── Data for review
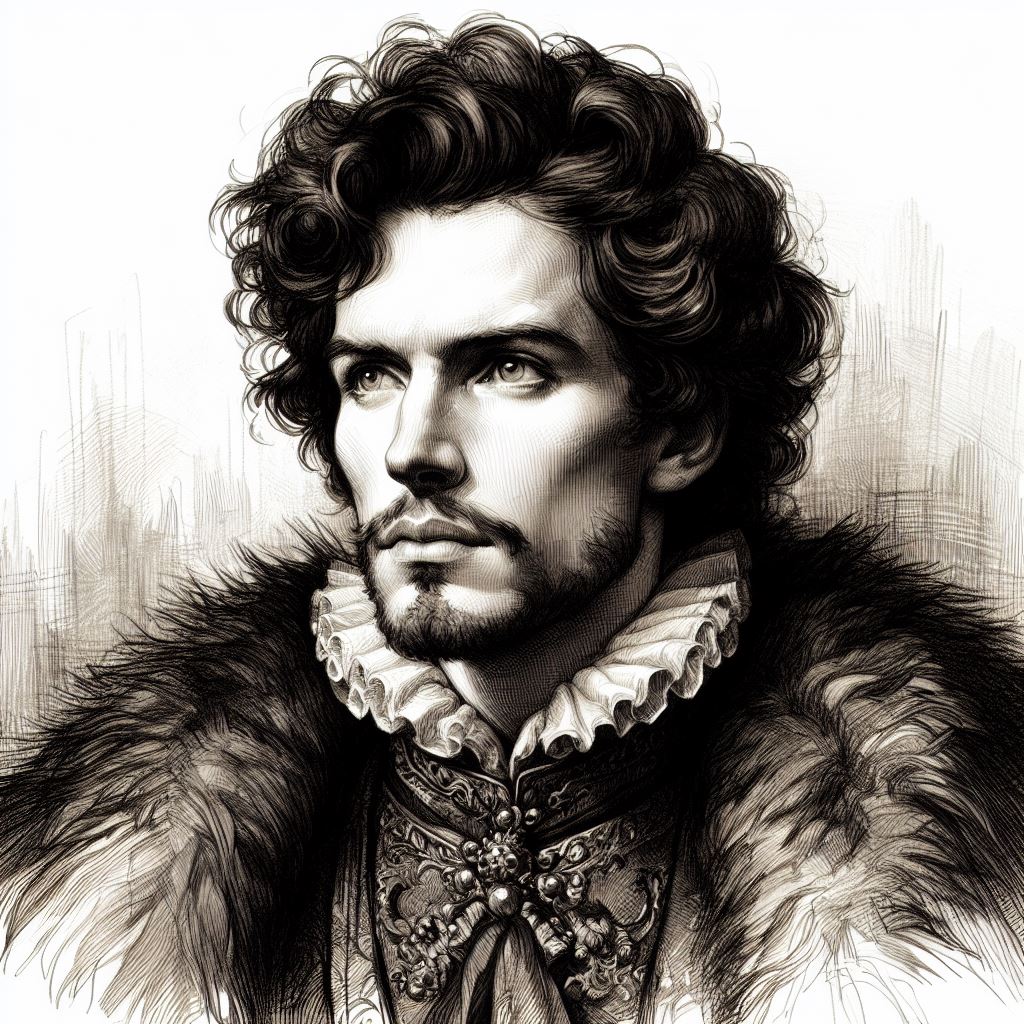 Reto Sigiswild von Linschenaue.jpg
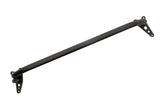 GrimmSpeed Bumper Bar Black Powder for 2015+ Subaru WRX/STI (090261)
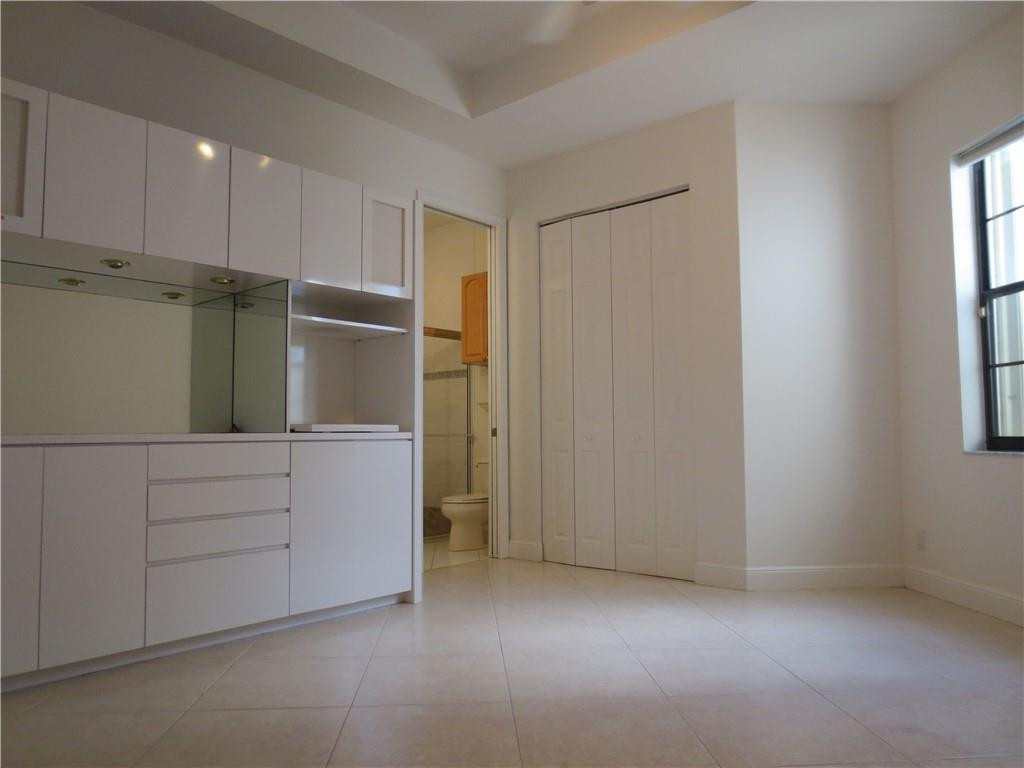 22676 Esplanada Circle Boca Raton, FL 33433 - Photo 12 of 26 2nd Bedroom Suite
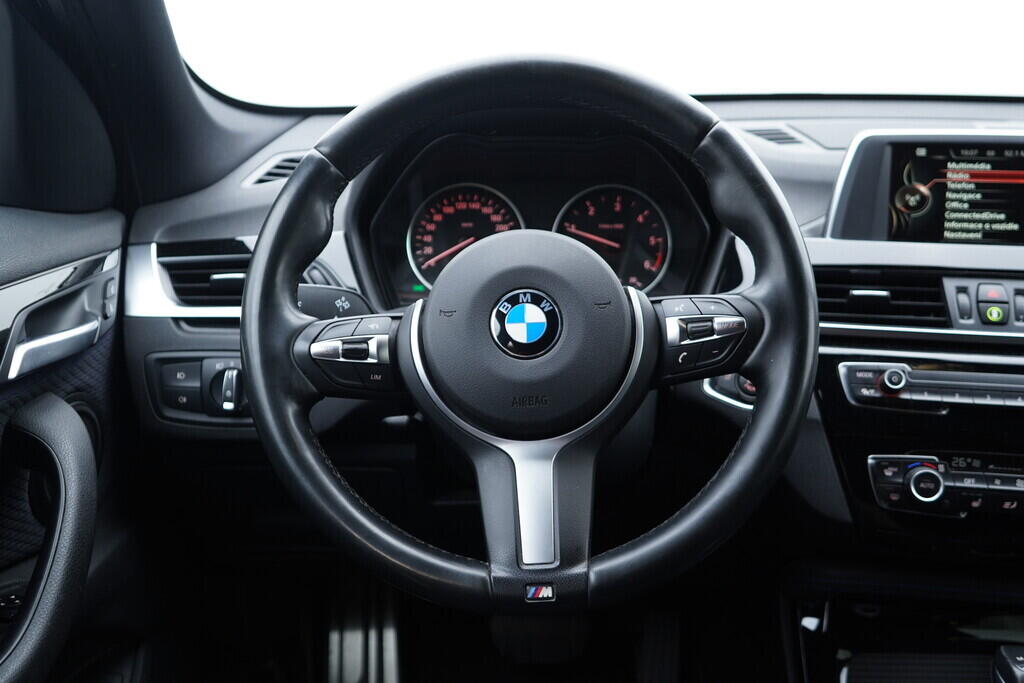 OV190V09769_30.webp_X1 M sport 2.0 TDI 140 kW automat, DPH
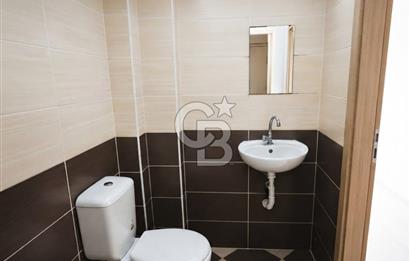 ATAŞEHİR KAYIŞDAĞI M.H 2+1 KİRALIK DAİRE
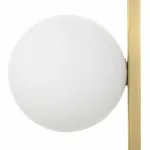 Накладной светильник Citilux GLOB CL209433 от ImperiumLoft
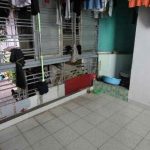  60m2 - 7
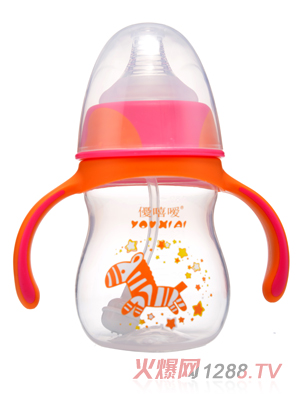 ��(y��u)�����Ų�PP�����Ԅ�(d��ng)��ƿ180ML���S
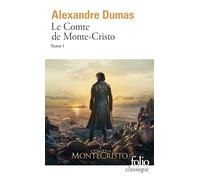 Le Comte de Monte-Cristo (Tome 1): 3142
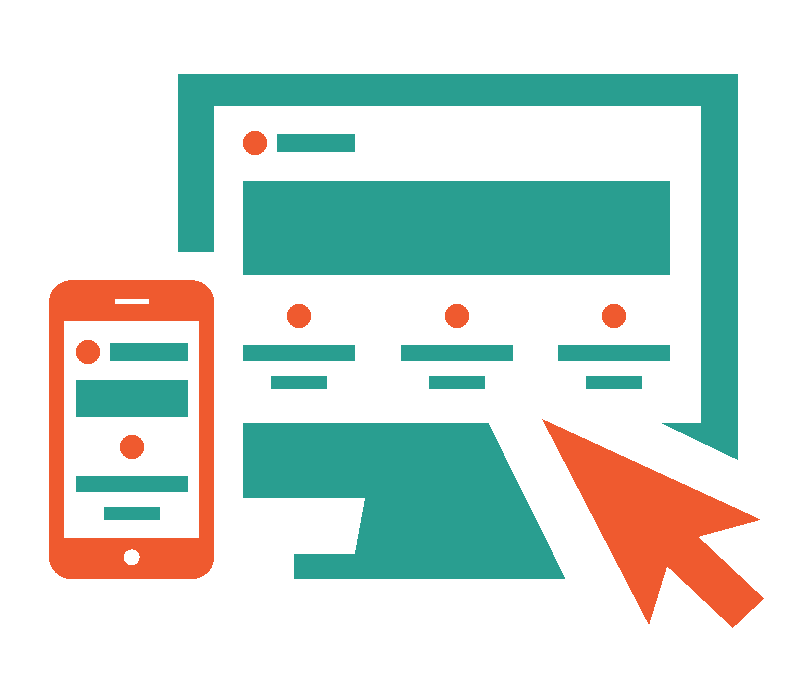 Configurable UI & UX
────
▶ **Assigned task**: All lines of the listing must be given again exactly, excluding the pictures.

▶ **Response box**:
 Reto Sigiswild von Linschenaue.jpg
 GrimmSpeed Bumper Bar Black Powder for 2015+ Subaru WRX/STI (090261)
 22676 Esplanada Circle Boca Raton, FL 33433 - Photo 12 of 26 2nd Bedroom Suite
 OV190V09769_30.webp_X1 M sport 2.0 TDI 140 kW automat, DPH
 ATAŞEHİR KAYIŞDAĞI M.H 2+1 KİRALIK DAİRE
 Накладной светильник Citilux GLOB CL209433 от ImperiumLoft
  60m2 - 7
 ��(y��u)�����Ų�PP�����Ԅ�(d��ng)��ƿ180ML���S
 Le Comte de Monte-Cristo (Tome 1): 3142
 Configurable UI & UX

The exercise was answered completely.